The bottom line: You need the answers to these questions to win business. Without them, you’re competing at a serious information disadvantage. What’s the solution?

“Cushion” Your Question

A “cushion” is a phrase that precedes the tough or sensitive question. The cushion phrase is very conversational and does not make the buyer feel pressured. Rather, it makes the buyer feel important and comfortable about answering the question. It is spoken, not in Selleck’s sweet sing-song tone, but with a tone of genuine curiosity for the buyer’s answer and with respect for that individual. Most important, cushions help reps feel more comfortable asking these questions.

Cushions can be used with open or closed questions. Below are several examples. The cushions are identified in italics. They are then followed by the question.

  1. Every agency (media department, account, ad director, brand manager, etc.) works differently (has its/his or her own special needs, own priorities, preferences, etc.). Tell me (Help me understand) what criteria will be used here in this agency (department, company, etc.) to select online media for your new campaign?

  2. No two planners view XYZ web site (set priorities, decide, work with their clients) the same way.

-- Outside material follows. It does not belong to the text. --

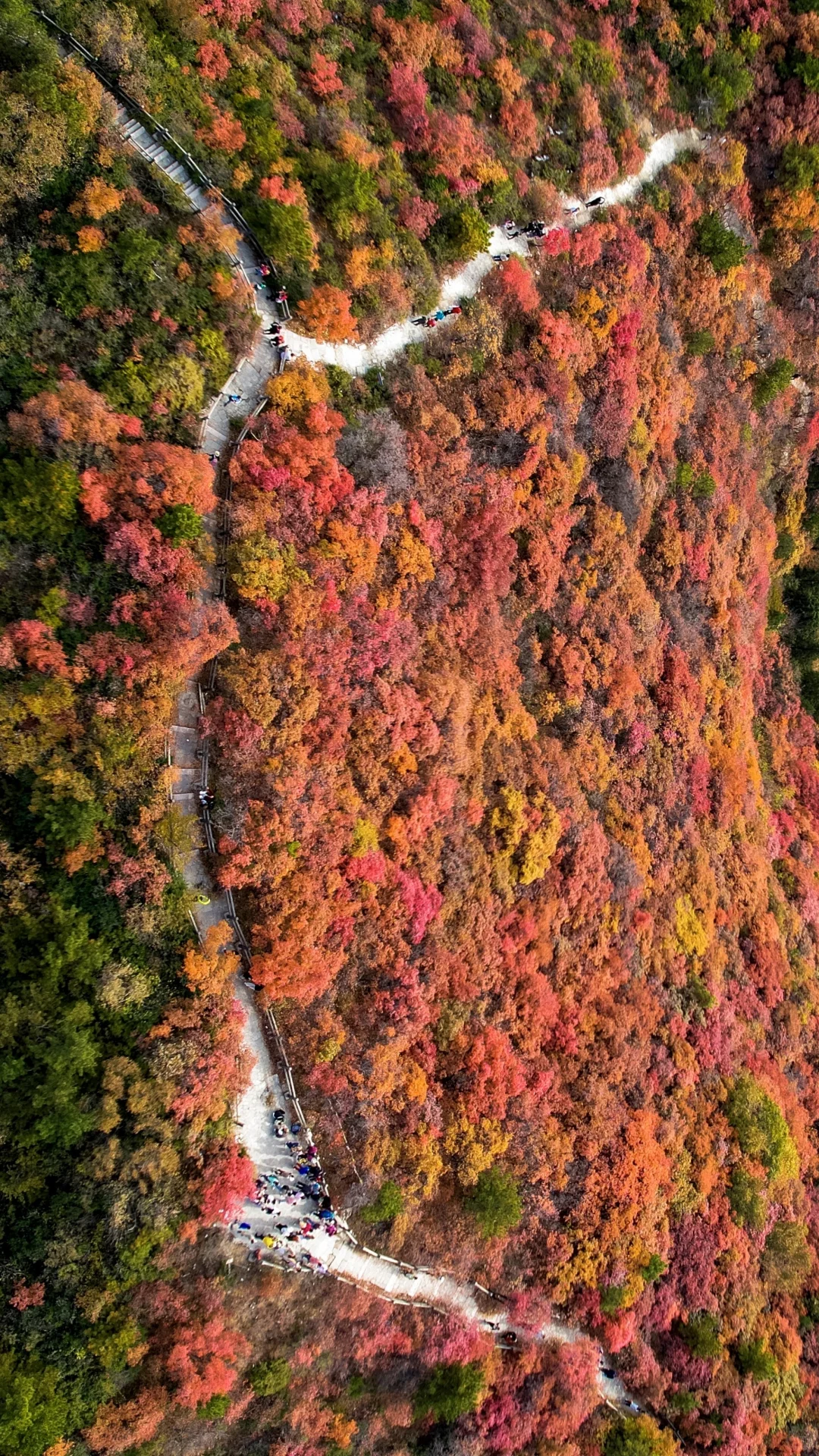 发朋友圈被问爆的绝美红叶谷🍁附地图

Where do you rank our site on your plan? (What are your priorities?)
  3. You know the situation (the client, the budgets, the marketing strategy) best. What could knock us off the list? (Will you be spending at the same levels you did last year? Are there opportunistic funds for sponsorships?)
  4. I could help you better if I understood how you decided last year’s list. Why weren’t we considered? (What are your priorities?)

Special Situations

  1. In cases where you are looking to test or float some ideas but don’t quite know how to couch the question, you might say:

    “We’re seeing a lot of interest in sponsorships (streaming, database marketing, etc.). To what extent do you see interest in that for yourself?” (Who on the account is interested in things like that?)

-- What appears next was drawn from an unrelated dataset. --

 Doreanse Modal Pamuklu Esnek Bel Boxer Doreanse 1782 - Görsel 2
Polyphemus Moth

  2. If you’re feeling very intimidated, try:

    “I could be out of line here, but let me ask you, Why would you use web sites A, B, and C and miss the….. on our site?” (If the buyer feels you are out of line and says so, the easy reply is a simple “Sorry” or a humorous answer, depending on your personal style. If the buyer does not give an answer, he or she will certainly appreciate your courtesy, which can only help the overall relationship.)

  3. You may represent a web site that arouses strong feelings in people because of its content (for example, political) and/or because of your target audience (for example, children). A media planner may not comfortably announce his or her bias or ignorance. However, it is imperative that you get a true reading of the situation on that account. Try:

    “Jack, it sometimes happens that while an agency can see the value of my web site, we get shot down because of client prejudices, prior past experience, personal dislike of the content, etc. To what extent is that true here?”

Summary: Information Is Power

Complete and critical information starts a positive sales chain reaction. Without it, it’s hard to present the right story, anticipate the right objections, and close the business. If you are not currently at ease getting sensitive information, try cushions. They’re easy to use, they come across as natural conversation so the buyer doesn’t feel like he or she is being interrogated, and they are comfortable for both you and your advertiser.